Entries provided Block Start

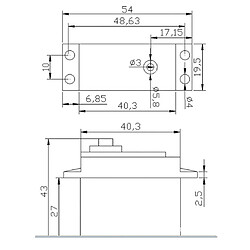 Avis Servo De Moteur De Direction En Métal 15kg / 17kg / 20kg / 25kg Pour RC 946R 180 Degrés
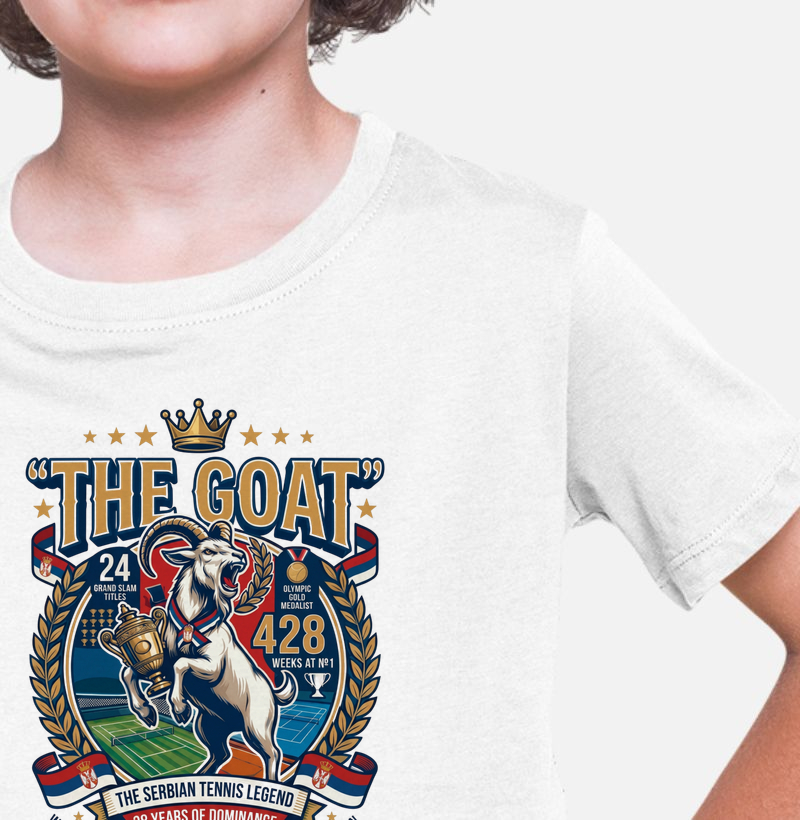 t-shirt infantil THE GOAT | camiseta tênis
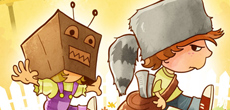 Henry and Ramona Illustration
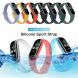 Ремешок Deexe Silicone Wrist для Xiaomi Mi Band 5 / Mi Band 6 / Mi Band 7 - Blue (229502L). Фото 9 из 11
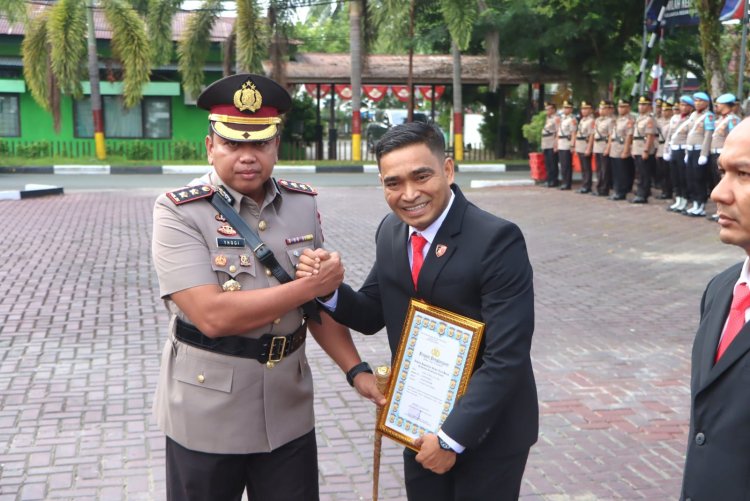 Hari Juang Polri 2025, Polres Aceh Barat Apresiasi Puluhan Personel Berprestasi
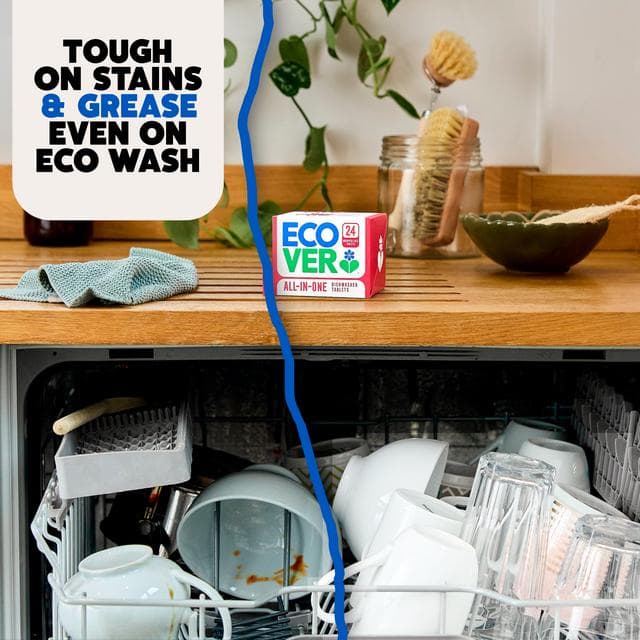Ecover Wrapper Free All in One Dishwasher Tablets x24 0.42kg - gallery image 6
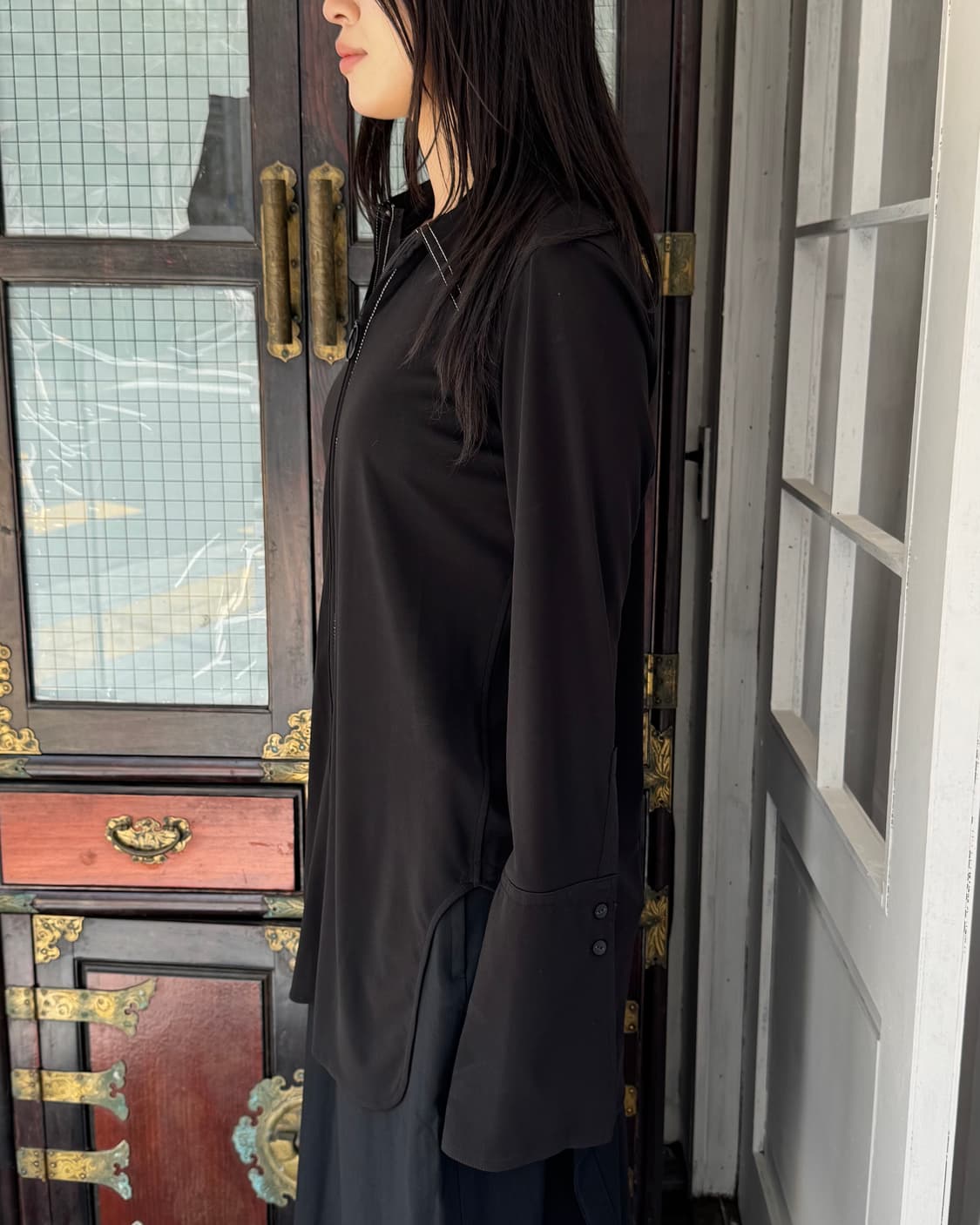 요지 야마모토 YS 집업 셔츠 상품이미지2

Entries provided Block End

Exercise. Starting at the line that holds "Ремешок Deexe Silicone", copy each line exactly through the end of the material above, keeping both ends and dropping the pictures.

Response to this task.
 Ремешок Deexe Silicone Wrist для Xiaomi Mi Band 5 / Mi Band 6 / Mi Band 7 - Blue (229502L). Фото 9 из 11
 Hari Juang Polri 2025, Polres Aceh Barat Apresiasi Puluhan Personel Berprestasi
Ecover Wrapper Free All in One Dishwasher Tablets x24 0.42kg - gallery image 6
 요지 야마모토 YS 집업 셔츠 상품이미지2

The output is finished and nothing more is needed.